|Ranieri Polese and John Banville at Libri Come book festival|
I first fell in love with John Banville's writing when I read The Book of Evidence some twenty years ago, so was excited to see his name on this year's programme. It was a huge delight to discover that in person John Banville is warm, witty and disarmingly down-to-earth. Ranieri Polese conducted an informal and intimate conversation, leaving Banville - clearly a born raconteur - plenty of space to ragale the small but attentive audience with anecdote after anecdote.
I confess that whilst I know and love the novels of John Banville I'm not at all familiar with the work of his crime fiction writing alter ego Benjamin Black, who writes a series of thrillers set in 1950s Ireland centred around pathologist Quirke. With the fifth episode A Death in Summer recently published in Italian (incidentally in Italy this series is issued under his own name, rather than his pseudonym) the talk began with a discussion about the very different writing techniques of Banville and Black – the slow and painstaking process of the former, and the fast, spontaneous writing of the latter – and how he tries to keep them totally separate, admitting that sometimes one of the two will “peer over his shoulder” and try to influence him when he is writing as the other. Talking about the 1950s Ireland where the crime books are set, he spoke forcefully about the oppressive and abusive power of the Catholic church in those times, words which could not help but resonate amongst a Roman audience.

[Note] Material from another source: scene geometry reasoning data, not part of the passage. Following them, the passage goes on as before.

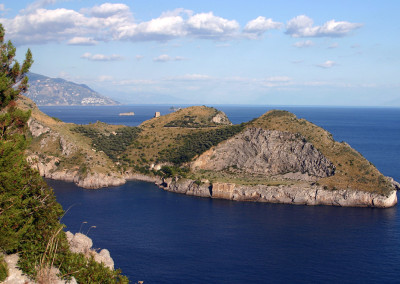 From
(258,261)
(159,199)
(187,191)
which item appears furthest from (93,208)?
(258,261)

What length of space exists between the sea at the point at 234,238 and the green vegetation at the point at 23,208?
2439cm

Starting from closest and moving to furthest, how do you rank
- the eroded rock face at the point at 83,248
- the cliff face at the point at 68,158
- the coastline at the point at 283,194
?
the eroded rock face at the point at 83,248
the coastline at the point at 283,194
the cliff face at the point at 68,158

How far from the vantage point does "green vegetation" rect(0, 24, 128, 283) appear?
31.0m

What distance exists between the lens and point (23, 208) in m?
34.3

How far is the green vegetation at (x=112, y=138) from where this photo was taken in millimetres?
144625

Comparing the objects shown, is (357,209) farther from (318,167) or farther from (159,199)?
(159,199)

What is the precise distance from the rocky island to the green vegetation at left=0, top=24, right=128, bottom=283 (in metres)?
73.2

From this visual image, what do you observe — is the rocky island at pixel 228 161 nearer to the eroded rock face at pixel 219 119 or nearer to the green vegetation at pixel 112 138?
the green vegetation at pixel 112 138

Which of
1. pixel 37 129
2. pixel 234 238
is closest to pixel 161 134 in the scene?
pixel 37 129

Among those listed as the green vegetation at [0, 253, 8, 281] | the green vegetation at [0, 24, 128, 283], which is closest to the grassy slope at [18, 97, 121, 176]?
the green vegetation at [0, 24, 128, 283]

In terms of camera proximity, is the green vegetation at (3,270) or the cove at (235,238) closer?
the green vegetation at (3,270)

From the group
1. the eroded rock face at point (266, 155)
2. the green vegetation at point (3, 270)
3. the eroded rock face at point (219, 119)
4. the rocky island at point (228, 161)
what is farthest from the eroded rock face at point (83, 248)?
the eroded rock face at point (219, 119)

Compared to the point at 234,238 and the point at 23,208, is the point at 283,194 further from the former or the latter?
the point at 23,208

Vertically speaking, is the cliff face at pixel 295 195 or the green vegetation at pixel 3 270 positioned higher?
the green vegetation at pixel 3 270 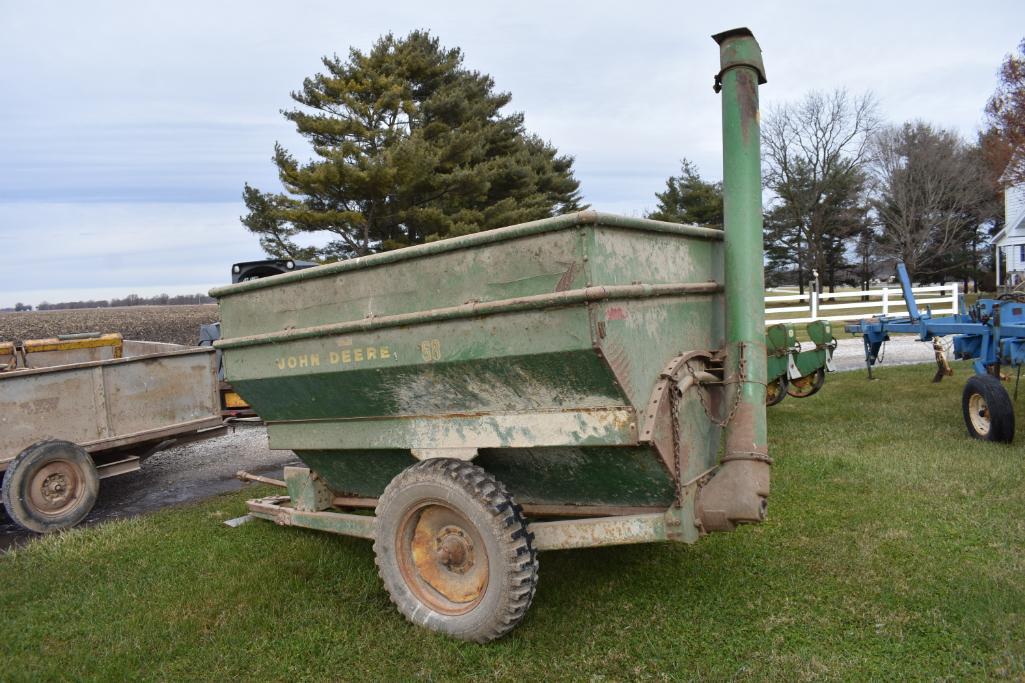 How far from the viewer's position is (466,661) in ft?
11.6

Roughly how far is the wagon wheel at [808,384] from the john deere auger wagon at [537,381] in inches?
189

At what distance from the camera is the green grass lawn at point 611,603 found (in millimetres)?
3479

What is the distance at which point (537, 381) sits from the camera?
3.49 metres

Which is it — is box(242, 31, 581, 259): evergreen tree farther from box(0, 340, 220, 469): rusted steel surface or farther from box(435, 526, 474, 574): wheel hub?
box(435, 526, 474, 574): wheel hub

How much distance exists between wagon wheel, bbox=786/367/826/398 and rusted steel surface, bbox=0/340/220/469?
6171mm

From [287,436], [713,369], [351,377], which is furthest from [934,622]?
[287,436]

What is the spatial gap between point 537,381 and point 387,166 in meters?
17.9

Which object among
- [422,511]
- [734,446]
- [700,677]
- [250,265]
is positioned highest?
[250,265]

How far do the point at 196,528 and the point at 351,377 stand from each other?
8.57ft

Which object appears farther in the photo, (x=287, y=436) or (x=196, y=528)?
(x=196, y=528)

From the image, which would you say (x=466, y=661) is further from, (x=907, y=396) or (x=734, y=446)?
(x=907, y=396)

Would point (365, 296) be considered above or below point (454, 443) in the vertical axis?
above

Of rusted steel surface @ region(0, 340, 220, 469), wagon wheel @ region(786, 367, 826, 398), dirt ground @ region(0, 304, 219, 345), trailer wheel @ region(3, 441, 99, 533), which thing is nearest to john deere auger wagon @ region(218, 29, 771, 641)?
trailer wheel @ region(3, 441, 99, 533)

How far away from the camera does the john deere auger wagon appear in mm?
3371
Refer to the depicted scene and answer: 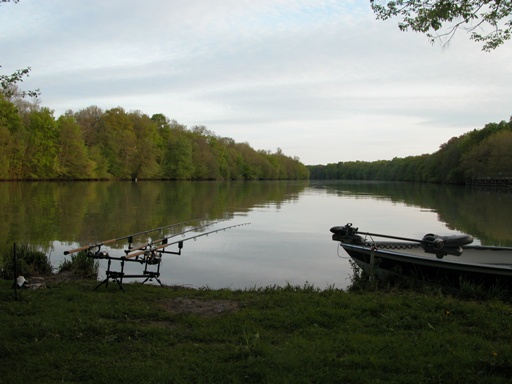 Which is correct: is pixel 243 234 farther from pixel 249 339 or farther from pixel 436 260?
pixel 249 339

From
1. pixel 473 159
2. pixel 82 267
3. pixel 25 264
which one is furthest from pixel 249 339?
pixel 473 159

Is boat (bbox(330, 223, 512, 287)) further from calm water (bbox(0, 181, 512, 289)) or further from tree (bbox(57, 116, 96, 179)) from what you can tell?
tree (bbox(57, 116, 96, 179))

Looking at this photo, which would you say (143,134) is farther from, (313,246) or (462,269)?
(462,269)

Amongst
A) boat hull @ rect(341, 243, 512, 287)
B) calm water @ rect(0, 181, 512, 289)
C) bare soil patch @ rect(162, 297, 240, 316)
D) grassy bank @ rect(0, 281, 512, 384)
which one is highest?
boat hull @ rect(341, 243, 512, 287)

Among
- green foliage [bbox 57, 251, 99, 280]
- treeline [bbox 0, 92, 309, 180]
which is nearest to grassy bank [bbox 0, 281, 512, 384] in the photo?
green foliage [bbox 57, 251, 99, 280]

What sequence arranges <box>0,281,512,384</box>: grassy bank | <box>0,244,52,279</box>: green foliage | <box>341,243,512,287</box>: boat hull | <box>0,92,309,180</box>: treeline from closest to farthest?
<box>0,281,512,384</box>: grassy bank, <box>341,243,512,287</box>: boat hull, <box>0,244,52,279</box>: green foliage, <box>0,92,309,180</box>: treeline

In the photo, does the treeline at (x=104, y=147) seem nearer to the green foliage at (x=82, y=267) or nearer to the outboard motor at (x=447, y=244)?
the green foliage at (x=82, y=267)

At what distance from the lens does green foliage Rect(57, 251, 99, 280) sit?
8.97m

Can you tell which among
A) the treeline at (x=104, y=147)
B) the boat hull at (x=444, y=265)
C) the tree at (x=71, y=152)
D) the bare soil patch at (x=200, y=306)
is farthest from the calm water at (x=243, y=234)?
the tree at (x=71, y=152)

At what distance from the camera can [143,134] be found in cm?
7806

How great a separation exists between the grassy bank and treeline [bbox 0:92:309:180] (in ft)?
130

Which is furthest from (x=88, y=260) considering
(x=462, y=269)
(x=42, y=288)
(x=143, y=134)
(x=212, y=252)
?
(x=143, y=134)

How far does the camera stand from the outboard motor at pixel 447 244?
7465mm

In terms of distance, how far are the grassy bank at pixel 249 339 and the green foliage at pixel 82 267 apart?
206 centimetres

A lesser known side to John Banville is that of his work as screenwriter and a great deal of the conversation was dedicated to cinema talk. Banville clearly loves cinema and his enthusiasm for not only the movies, but also movie stars was refreshingly honest – there was no faux nonchalance here, and instead he acknowledged the special place film stars and celebrities have as modern day “gods”. At the same time, however, he was under absolutely no illusions as to what happens to a script once Hollywood gets its hands on it – total rewrites are, it seems, par for the course. He recently co-wrote the movie Albert Nobbs with Glenn Close: “Glenn likes to tell people she wrote it – which is fine by me!” he joked.
Sadly the talk was over way too soon – I could have listened to John Banville talk for hours! The end of the discussion was met with warm applause, with the author signing copies of his books for several admirers who approached the stage.